My personal favorite of the comedy sketches are the ones where Pryor plays Mojo, a crazed backwater spiritual healer who doesn’t really heal…when a paralyzed woman comes to him and says she can’t walk, the dreadlocked Mojo screams; “Of course you cain’t walk! You in dat damn wheelchair!” He kicks her out of the chair into the dirt and hollas: “Let Mojo handle IT!” And there’s an improv piece where Richard Pryor, Sandra Bernhard, Robin Williams, Tim Reid, Marsha Warfield and Johnny Yune all play out-of-workers trying to get their unemployment checks from Paul Mooney that has to be seen to be believed.
Think that’s all? There’s also a sketch where Richard Pryor plays the only black person on a lifeboat after The Titanic sinks that doesn’t end the way you think and another where Pryor plays a wino in London who has an unfortunately hilarious run-in with a certain doctor named Jekyll which leads to…well, you can guess the rest.
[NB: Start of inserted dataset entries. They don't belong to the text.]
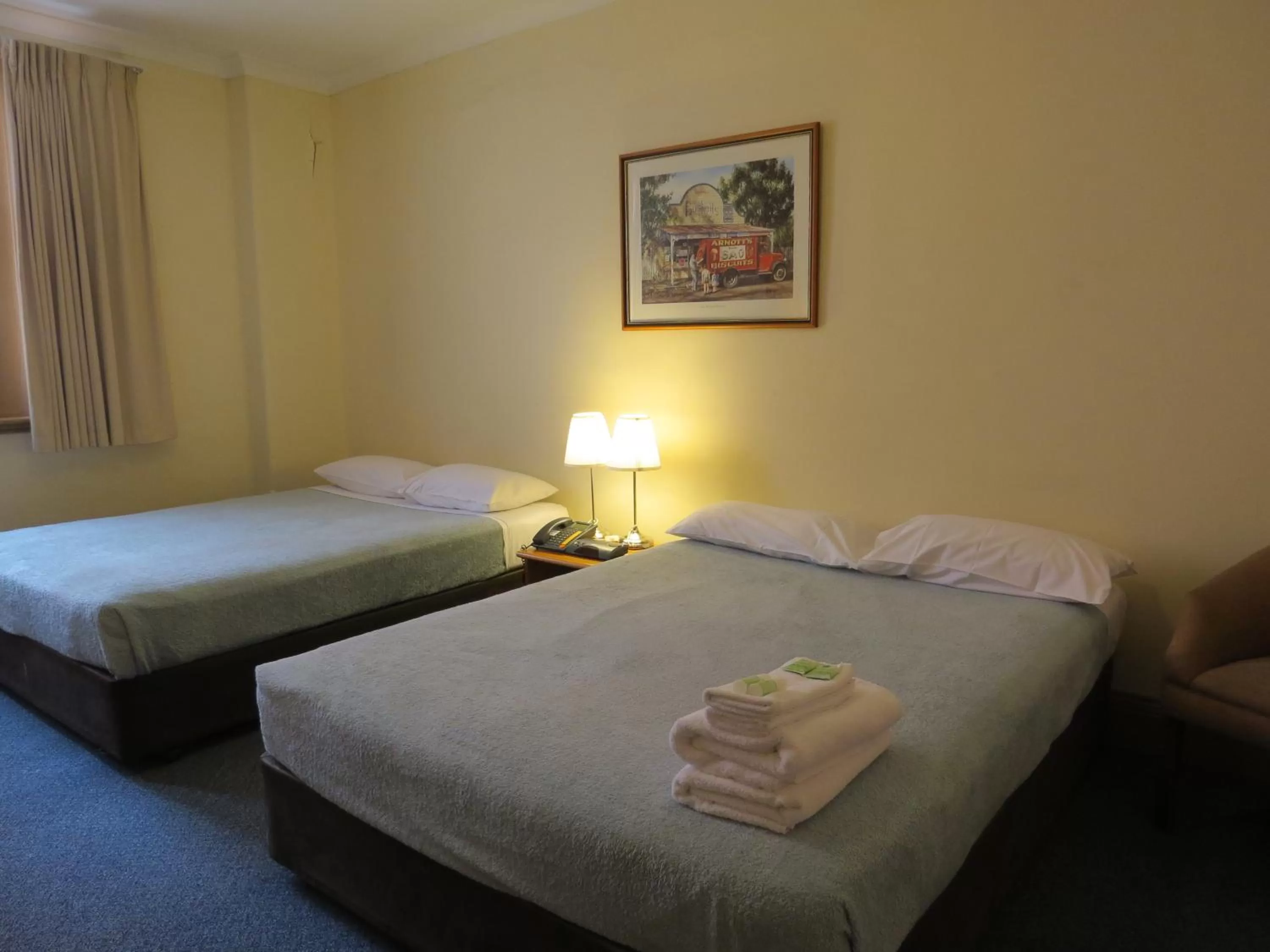 Bed in Criterion Hotel Perth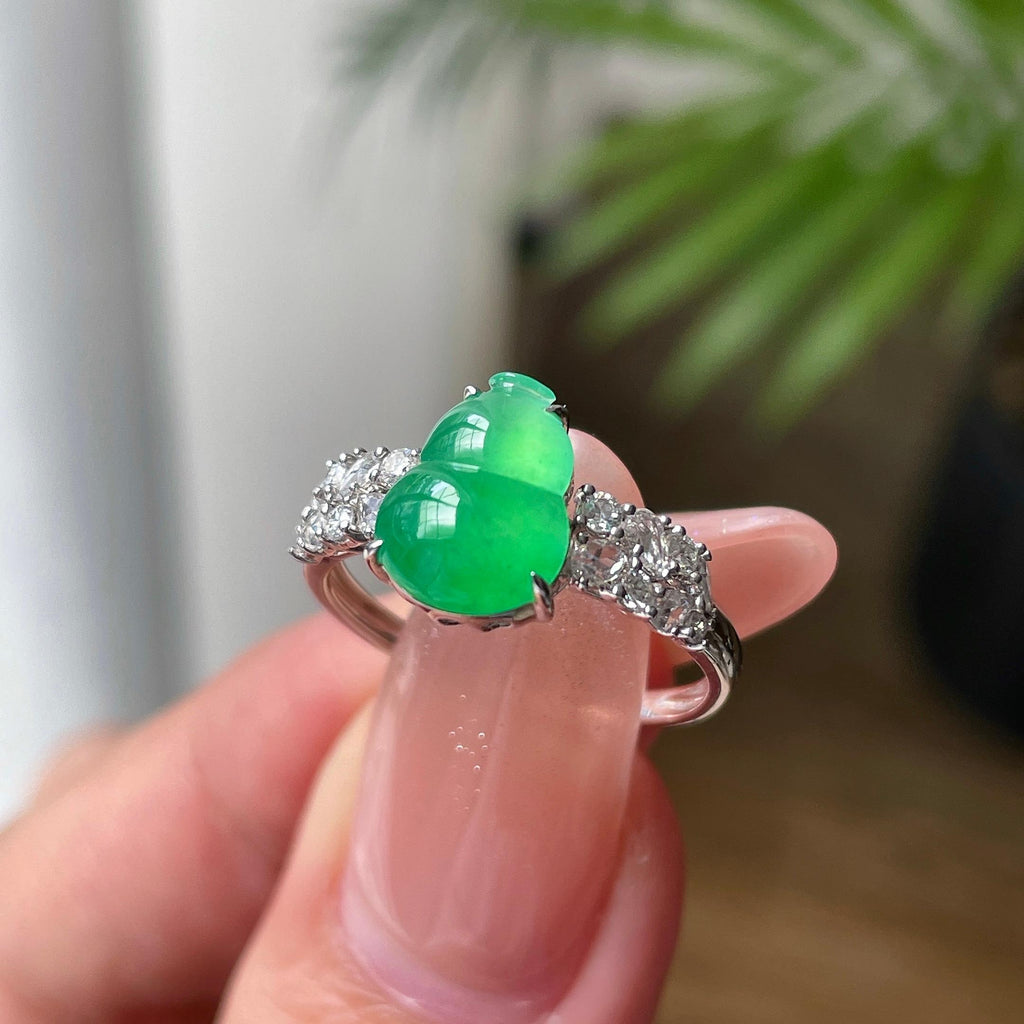 18k金镶冰阳绿葫芦戒指 天然缅甸A货翡翠（yc534435）
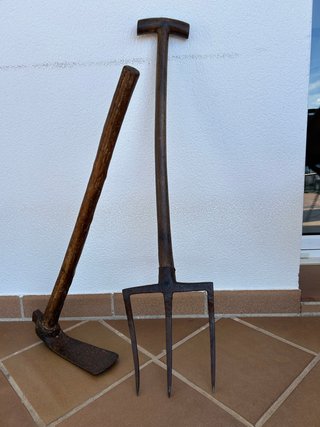 Set de 2 Herramientas Agrícolas Antiguas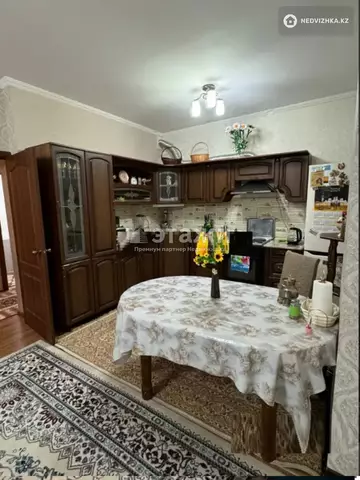 2-комнатная квартира, этаж 9 из 16, 55 м²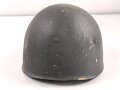 Stahlhelm mit Innenhelm nach dem amerikanischen Modell M1. Originallack, ungereinigtes Stück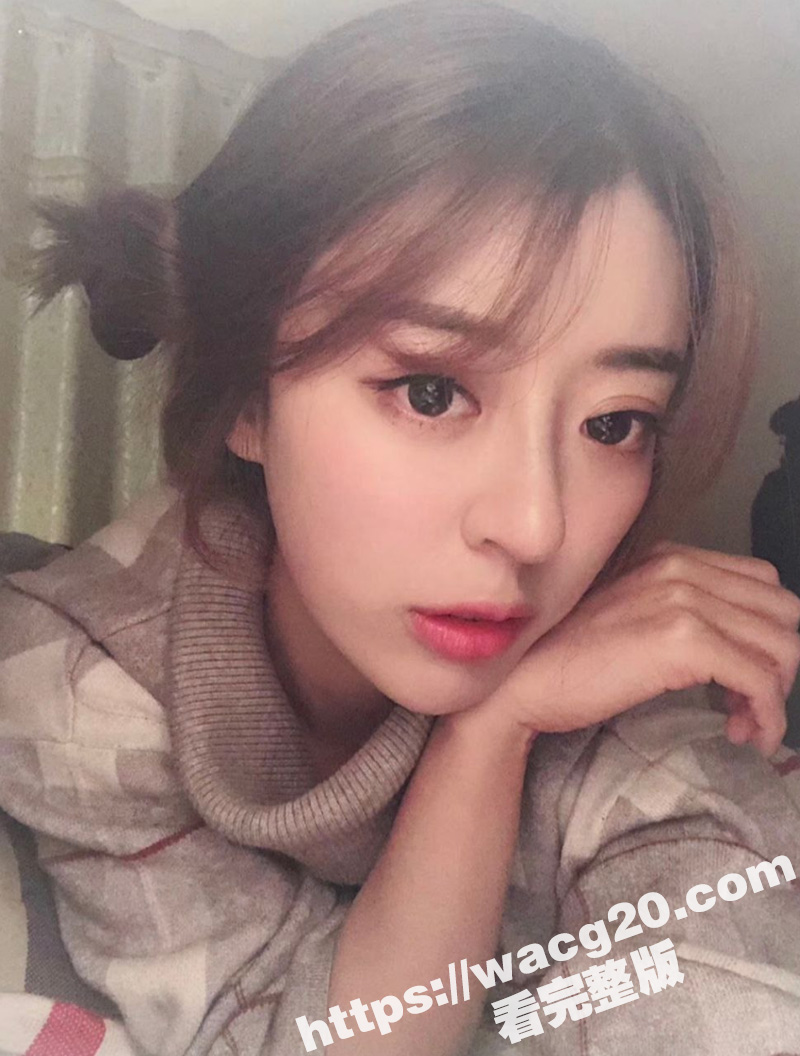 海角会喷水的亲姐姐新作 梨形身材美腿骚姐 酒店被弟弟玩弄无毛嫩穴 扛着大长腿疯狂输出 叫声超淫荡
And some of the other sketches show another side of Richard Pryor such as the one where he plays a man who walks into a gun shop, eager to buy a gun…until the guns start to talk to him and tell them their histories of death. It’s effective and it shows a different side of Richard Pryor. The man was a naturally gifted actor and this sketch is a nice little showcase for his talent as he reacts to the stories of death these guns are telling him. And there’s another sketch where he plays a homeless man who puts on a pathetically earnest show for the neighborhood kids that says more about human nature than I’m comfortable with.
But I’ve saved the best for last: The DVD has Richard Pryor doing his legendary and totally uncensored version of what I call “The Miss Rudolph Story” but which is officially known as “Little Tiny Feet”. It’s the story that Pryor does as his Mudbone character and he relates how he takes a friend of his who has been cursed with these…really, really BIG feet by a jilted girlfriend to the voodoo lady Miss Rudolph to get him cured. What happens after Mudbone gets his friend to Miss Rudolph is one of the funniest stories I’ve ever heard and I’m not going to spoil it for you here. Suffice it to say that I’ve heard the story perhaps 50 times in my life and the way Richard Pryor/Mudbone tells it, I laugh every time I hear it as though it were it the first time. The DVD set also has a Celebrity Roast that his co-stars/collaborators on the show throw for Pryor and it has the version that was aired on NBC and the version they did for ‘themselves’, if you know what I mean.
So should you see THE RICHARD PRYOR SHOW? That’s entirely up to you. It all depends on how much you liked the man and his humor. Personally, I think his genius lay in that he was and still is the best storyteller I have ever heard. And the funniest.
God Bless You, Richard Pryor. And thank you.